Saturday, October 07, 2006

Liberal Environmentalism (Nature Lovers) Vs. Organized Religion

It need not be this way, but Christian religious groups want to (literally) spread their gospel into the protected nature zones. The New York Times website currently has this as its top headline: Secular Laws Cede to Religious Exemptions. According to the article, which features a fight in Boulder, headquarters of Mark Amerika Nature Photography, the battle has begun:
“When you fly in to Denver at night, you can always pick out Boulder,” said Ben Pearlman, an athletic young lawyer who grew up there. “It’s the only one with big patches of darkness around it.”

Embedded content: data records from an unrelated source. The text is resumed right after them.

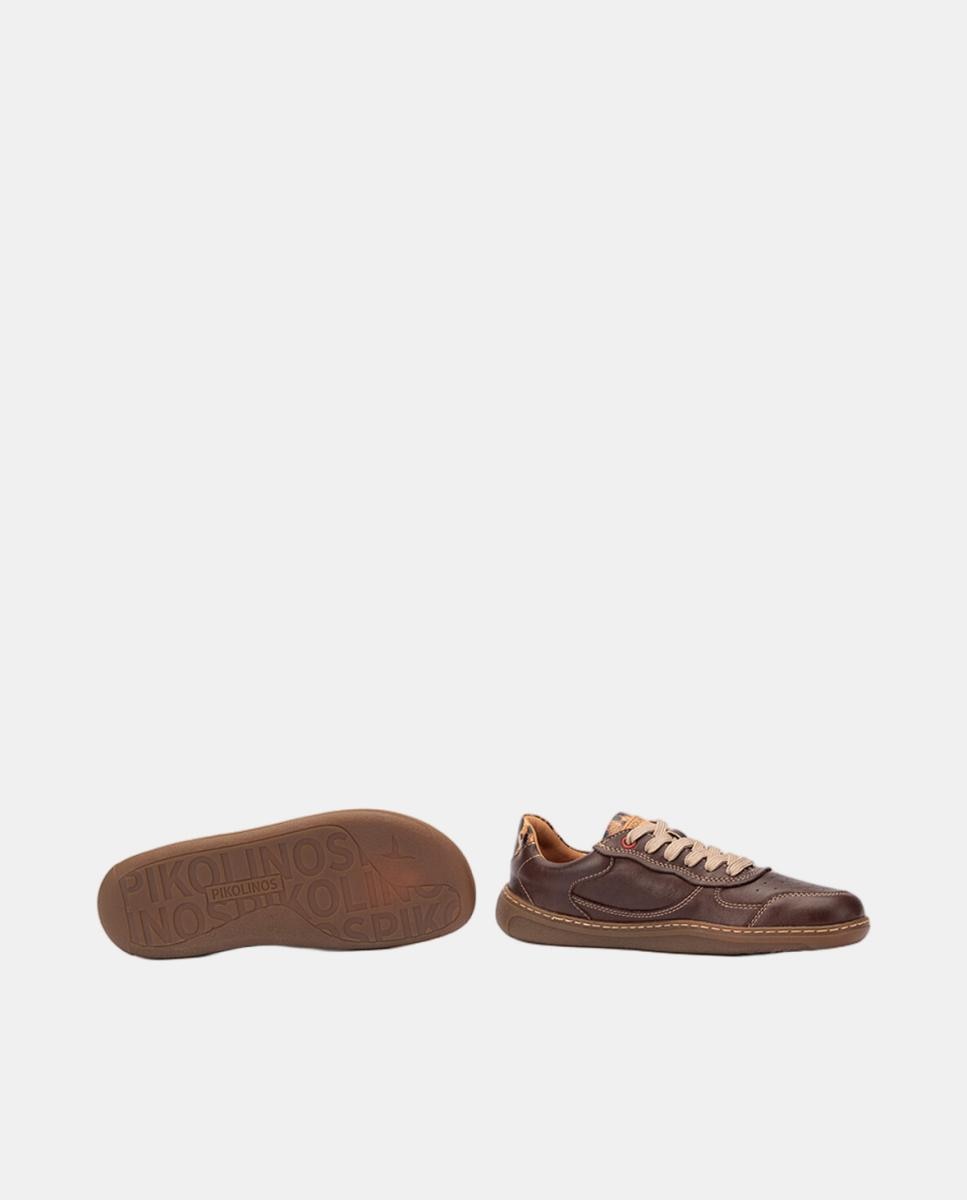 Zapatillas de piel Barefoot unisex en color - Pikolinos - Marrón oscuro Marrón oscuro-5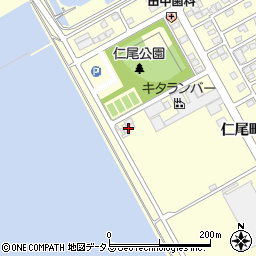 香川県三豊市仁尾町仁尾辛43-15周辺の地図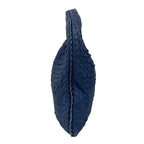 Bottega Veneta Handbag Intrecciato Blue Ruffle Leather — view 2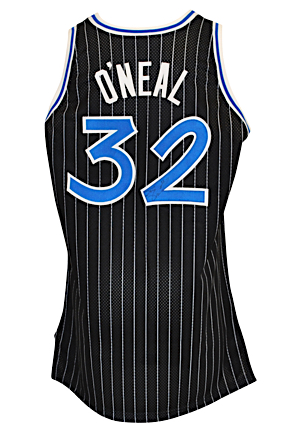 1993-94 Shaquille ONeal Orlando Magic Game-Used & Autographed Road Jersey (JSA)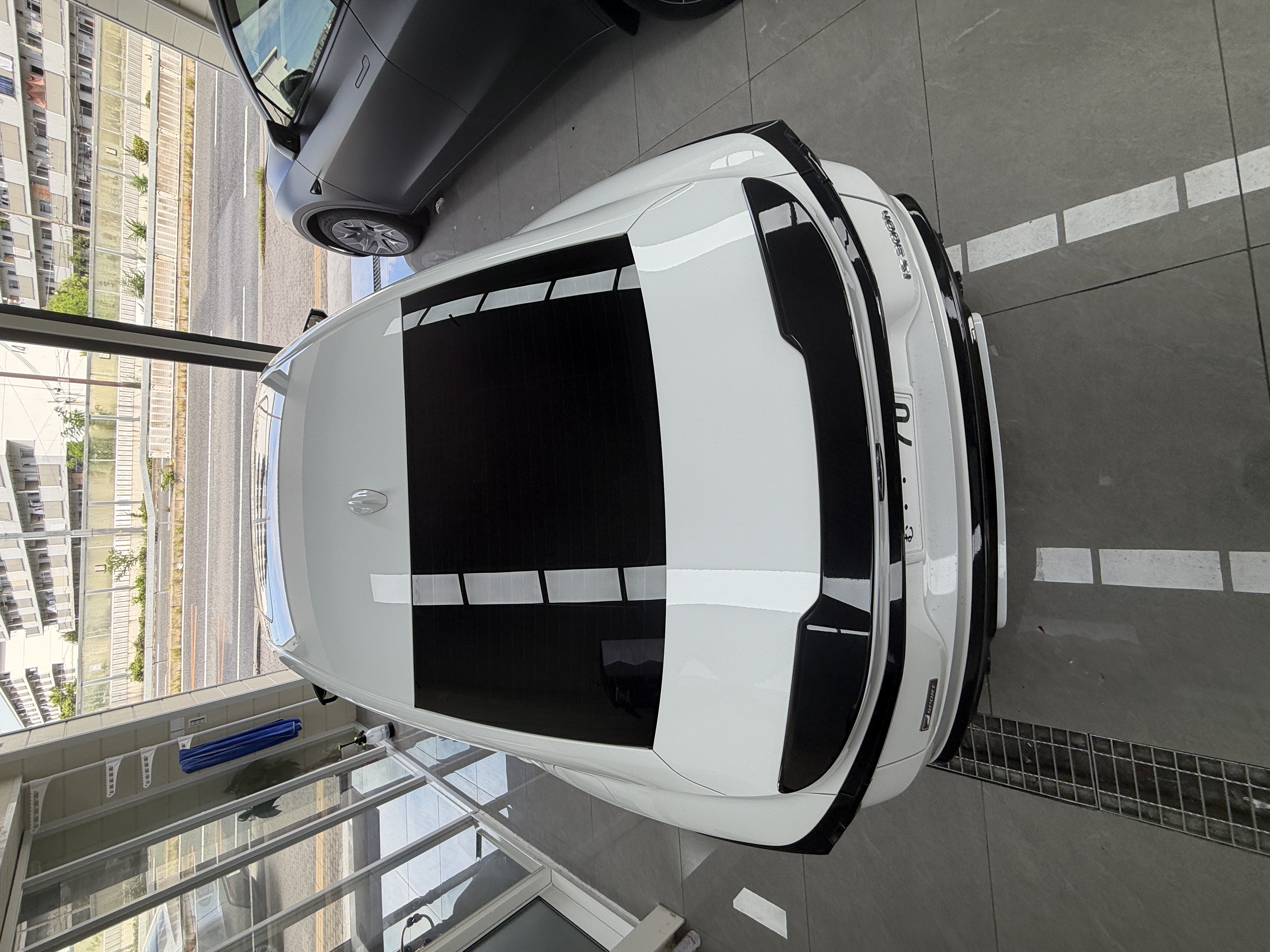 Lexus IS300h ルーフ全体 施工前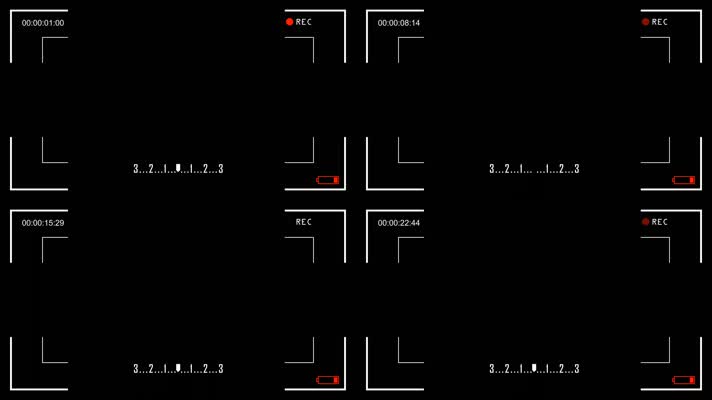 摄像机录制取景框界面动画素材 (3)摄像机录制取景框界面动画素材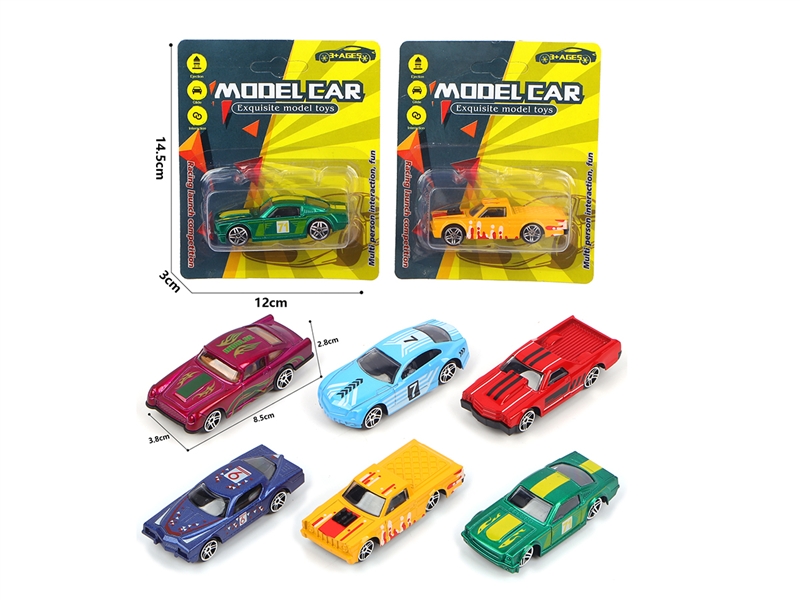1:50 PULL BACK DIE CAST CAR,6ASST - HP1189435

As one of Boulder County’s three governing commissioners, the soft-spoken Mr. Pearlman talks about protecting the county’s spectacular beauty as if it were a sacred trust. In 1978, the county limited intensive development to already urbanized areas, buffered by large swaths of prairie and farmland. The landscape therefore now stands in stark contrast to the spreading carpet of subdivisions, office parks and malls in neighboring counties around Denver.

To Alan Ahlgrim, the mellow and mesmerizing preacher who founded Rocky Mountain Christian Church in eastern Boulder County in 1984, those encroaching subdivisions look like spiritual vineyards, full of families ready to be transformed by his church’s call for them to become “blessed to be a blessing” to others.

“The church has never grown fast enough to suit me,” Pastor Ahlgrim said with a grin that showed he was almost, but not quite, serious.

The multimedia video that accompanies the article, is all about A Battle in Boulder.